Ci ha parlato di come  la mancata vittoria dell’oro olimpico, ancora bruci dopo 27 anni, di come sia giusto soffrire dopo una sconfitta, non cercare di rimuoverla ma “godersi” il momento in cui si vede l’altra squadra festeggiare, perché solo così si fa esperienza.

Al contrario   nel momento della vittoria si crea un picco di adrenalina,  e da lì si cercherà  di vincere ancora ed ancora per rivivere quella gioia. Di come gli “occhi della tigre”, di chi è affamato di vittoria,  portino al successo.

Ci ha anche detto che andare a casa, dalla famiglia, serva a staccare, lasciando i problemi negli spogliatoi e di come sia necessario riuscire a farlo. (Ecco io su questo non sono molto brava).

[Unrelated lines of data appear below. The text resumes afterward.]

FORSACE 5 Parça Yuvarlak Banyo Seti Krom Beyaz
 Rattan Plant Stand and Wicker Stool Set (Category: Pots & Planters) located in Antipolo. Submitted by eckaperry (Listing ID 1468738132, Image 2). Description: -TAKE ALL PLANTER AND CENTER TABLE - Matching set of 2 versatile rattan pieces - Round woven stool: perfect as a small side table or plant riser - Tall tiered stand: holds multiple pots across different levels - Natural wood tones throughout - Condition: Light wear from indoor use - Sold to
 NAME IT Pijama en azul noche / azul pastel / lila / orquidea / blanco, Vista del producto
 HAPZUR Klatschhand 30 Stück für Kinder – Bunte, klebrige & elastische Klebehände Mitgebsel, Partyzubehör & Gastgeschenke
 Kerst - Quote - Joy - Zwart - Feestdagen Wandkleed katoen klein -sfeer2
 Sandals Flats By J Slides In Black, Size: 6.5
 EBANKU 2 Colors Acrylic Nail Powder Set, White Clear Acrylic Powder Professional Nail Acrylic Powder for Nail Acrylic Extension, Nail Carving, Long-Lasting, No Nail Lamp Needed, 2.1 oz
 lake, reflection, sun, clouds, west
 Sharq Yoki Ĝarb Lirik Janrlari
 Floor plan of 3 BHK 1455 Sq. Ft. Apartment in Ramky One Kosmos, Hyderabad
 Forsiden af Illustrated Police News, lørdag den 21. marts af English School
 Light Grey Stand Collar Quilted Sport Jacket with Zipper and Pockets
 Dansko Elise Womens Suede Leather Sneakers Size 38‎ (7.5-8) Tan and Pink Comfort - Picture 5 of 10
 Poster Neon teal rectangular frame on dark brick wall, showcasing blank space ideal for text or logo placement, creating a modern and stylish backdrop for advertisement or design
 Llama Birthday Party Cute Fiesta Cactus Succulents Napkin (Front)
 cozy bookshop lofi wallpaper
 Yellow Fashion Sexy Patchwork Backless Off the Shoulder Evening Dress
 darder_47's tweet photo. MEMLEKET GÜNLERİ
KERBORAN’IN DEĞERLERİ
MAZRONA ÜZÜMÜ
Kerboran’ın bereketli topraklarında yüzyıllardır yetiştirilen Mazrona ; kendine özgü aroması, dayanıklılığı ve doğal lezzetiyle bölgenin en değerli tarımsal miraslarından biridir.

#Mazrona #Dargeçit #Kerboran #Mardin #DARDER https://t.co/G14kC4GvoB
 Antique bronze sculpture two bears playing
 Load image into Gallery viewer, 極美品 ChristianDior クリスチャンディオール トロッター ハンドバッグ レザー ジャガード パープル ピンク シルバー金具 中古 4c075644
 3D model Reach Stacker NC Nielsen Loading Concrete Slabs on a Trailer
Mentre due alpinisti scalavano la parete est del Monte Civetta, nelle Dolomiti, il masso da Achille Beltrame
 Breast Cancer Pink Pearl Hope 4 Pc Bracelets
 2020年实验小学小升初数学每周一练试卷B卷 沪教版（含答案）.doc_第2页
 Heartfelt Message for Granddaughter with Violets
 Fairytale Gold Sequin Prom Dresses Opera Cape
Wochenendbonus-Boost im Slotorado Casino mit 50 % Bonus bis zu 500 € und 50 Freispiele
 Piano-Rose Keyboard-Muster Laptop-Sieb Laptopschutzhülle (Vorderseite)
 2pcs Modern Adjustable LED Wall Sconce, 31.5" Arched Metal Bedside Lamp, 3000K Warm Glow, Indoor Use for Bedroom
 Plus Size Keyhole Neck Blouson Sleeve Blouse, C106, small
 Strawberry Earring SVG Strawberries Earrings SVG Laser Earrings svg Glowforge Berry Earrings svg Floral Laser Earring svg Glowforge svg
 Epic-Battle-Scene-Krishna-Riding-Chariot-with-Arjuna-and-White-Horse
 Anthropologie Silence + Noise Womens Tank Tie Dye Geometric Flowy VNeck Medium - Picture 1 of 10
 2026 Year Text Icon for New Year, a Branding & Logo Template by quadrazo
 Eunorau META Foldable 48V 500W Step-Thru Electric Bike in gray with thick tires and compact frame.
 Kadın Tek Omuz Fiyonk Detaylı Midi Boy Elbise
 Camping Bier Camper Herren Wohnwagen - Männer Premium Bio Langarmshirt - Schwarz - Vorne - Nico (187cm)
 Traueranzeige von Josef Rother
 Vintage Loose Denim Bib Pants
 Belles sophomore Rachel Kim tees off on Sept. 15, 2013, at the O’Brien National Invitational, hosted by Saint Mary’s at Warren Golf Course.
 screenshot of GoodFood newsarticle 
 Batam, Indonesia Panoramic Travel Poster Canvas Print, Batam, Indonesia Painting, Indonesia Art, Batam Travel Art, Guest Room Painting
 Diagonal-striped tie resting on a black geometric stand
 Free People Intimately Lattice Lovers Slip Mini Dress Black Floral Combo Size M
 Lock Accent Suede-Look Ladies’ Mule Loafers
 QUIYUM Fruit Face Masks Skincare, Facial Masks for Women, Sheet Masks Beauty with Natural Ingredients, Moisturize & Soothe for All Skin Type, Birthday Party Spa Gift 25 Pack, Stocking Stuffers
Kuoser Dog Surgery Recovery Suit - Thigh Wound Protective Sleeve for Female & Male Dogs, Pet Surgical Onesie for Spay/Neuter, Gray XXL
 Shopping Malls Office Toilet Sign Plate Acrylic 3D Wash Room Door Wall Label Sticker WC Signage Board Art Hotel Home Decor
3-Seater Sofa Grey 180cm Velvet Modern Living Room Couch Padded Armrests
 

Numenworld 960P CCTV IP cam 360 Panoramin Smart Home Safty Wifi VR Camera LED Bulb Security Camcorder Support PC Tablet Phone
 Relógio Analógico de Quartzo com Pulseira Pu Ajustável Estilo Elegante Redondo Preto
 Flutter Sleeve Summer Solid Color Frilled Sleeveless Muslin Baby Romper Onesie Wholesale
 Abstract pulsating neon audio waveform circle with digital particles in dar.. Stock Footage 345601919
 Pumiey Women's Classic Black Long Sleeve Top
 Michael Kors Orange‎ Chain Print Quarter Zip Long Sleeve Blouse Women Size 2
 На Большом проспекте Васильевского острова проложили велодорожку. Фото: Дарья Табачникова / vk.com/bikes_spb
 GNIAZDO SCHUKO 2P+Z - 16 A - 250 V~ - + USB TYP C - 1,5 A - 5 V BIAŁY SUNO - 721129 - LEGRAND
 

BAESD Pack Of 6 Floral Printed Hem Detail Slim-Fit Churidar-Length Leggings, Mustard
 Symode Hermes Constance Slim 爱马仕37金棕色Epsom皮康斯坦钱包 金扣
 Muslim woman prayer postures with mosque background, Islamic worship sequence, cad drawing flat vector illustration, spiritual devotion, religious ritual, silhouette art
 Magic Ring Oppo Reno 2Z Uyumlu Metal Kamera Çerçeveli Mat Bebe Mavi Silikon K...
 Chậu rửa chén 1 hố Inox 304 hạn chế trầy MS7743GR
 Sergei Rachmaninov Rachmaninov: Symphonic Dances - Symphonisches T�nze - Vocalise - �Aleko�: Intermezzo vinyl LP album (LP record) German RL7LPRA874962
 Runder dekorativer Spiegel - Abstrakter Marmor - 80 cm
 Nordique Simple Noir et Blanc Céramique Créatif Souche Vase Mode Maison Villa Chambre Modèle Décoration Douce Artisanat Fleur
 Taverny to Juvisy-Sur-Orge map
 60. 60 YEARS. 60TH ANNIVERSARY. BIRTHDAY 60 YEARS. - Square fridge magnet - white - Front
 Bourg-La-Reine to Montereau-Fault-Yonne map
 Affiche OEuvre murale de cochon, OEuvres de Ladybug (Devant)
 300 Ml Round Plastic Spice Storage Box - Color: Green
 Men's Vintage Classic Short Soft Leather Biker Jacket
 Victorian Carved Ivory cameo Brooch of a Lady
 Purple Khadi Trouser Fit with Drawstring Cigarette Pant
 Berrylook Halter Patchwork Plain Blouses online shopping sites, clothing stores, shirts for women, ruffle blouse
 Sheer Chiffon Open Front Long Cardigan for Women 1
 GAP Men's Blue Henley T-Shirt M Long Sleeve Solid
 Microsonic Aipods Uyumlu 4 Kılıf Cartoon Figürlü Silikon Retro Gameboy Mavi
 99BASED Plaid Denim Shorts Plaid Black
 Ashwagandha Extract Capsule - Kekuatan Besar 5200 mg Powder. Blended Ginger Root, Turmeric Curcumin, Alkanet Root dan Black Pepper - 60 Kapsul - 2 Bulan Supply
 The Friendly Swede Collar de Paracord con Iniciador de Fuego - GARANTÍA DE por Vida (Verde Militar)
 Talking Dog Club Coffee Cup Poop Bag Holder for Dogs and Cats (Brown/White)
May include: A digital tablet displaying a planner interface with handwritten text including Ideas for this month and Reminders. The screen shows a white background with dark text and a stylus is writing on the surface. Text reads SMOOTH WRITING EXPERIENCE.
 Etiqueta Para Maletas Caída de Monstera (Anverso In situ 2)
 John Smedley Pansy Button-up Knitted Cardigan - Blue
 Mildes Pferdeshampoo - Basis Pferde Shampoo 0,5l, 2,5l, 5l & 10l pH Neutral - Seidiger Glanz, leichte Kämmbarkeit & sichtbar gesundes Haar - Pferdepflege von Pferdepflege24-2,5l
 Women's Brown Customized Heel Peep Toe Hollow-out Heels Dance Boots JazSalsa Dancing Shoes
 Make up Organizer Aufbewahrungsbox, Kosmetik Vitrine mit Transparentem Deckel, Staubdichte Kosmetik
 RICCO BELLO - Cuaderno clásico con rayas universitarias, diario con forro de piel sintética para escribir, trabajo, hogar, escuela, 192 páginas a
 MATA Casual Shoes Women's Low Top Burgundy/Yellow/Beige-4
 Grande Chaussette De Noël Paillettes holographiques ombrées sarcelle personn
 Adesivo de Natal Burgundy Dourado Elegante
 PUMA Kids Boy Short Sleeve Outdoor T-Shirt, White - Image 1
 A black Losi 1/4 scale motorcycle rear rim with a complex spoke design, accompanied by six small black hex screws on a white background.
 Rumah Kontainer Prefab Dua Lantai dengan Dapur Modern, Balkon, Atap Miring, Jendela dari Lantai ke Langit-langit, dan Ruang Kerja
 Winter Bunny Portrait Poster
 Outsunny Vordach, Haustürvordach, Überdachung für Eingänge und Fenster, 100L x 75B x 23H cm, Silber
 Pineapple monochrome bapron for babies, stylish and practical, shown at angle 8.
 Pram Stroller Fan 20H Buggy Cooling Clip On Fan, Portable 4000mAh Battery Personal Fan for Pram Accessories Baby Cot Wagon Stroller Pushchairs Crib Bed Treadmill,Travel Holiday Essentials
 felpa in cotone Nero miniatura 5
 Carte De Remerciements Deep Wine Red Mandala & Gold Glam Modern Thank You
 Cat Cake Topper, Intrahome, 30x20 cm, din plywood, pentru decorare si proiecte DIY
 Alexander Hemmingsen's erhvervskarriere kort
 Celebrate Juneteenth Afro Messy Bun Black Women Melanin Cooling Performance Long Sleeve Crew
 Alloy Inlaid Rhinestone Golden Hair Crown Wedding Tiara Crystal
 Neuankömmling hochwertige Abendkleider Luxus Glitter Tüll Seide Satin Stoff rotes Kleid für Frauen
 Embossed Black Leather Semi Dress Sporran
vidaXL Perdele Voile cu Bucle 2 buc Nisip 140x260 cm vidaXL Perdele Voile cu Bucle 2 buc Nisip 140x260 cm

Poi ci ha parlato di altruismo, di come tutti debbano mettersi a servizio del bene comune, di come tutti debbano crescere al massimo delle loro possibilità e sapere che lo fanno per sé ma anche per gli altri. Che a volte i colleghi diventano anche amici e di come questo abbia un ulteriore effetto benefico sulla squadra.

Di come sia stato fortunato ad avere tutte le opportunità che la pallavolo gli ha dato e di come senta di dover rendere qualcosa ai giovani, lavorando ancora per trasmettere le sue conoscenze.

Un grande campione, un grande leader, un grande esempio, grazie.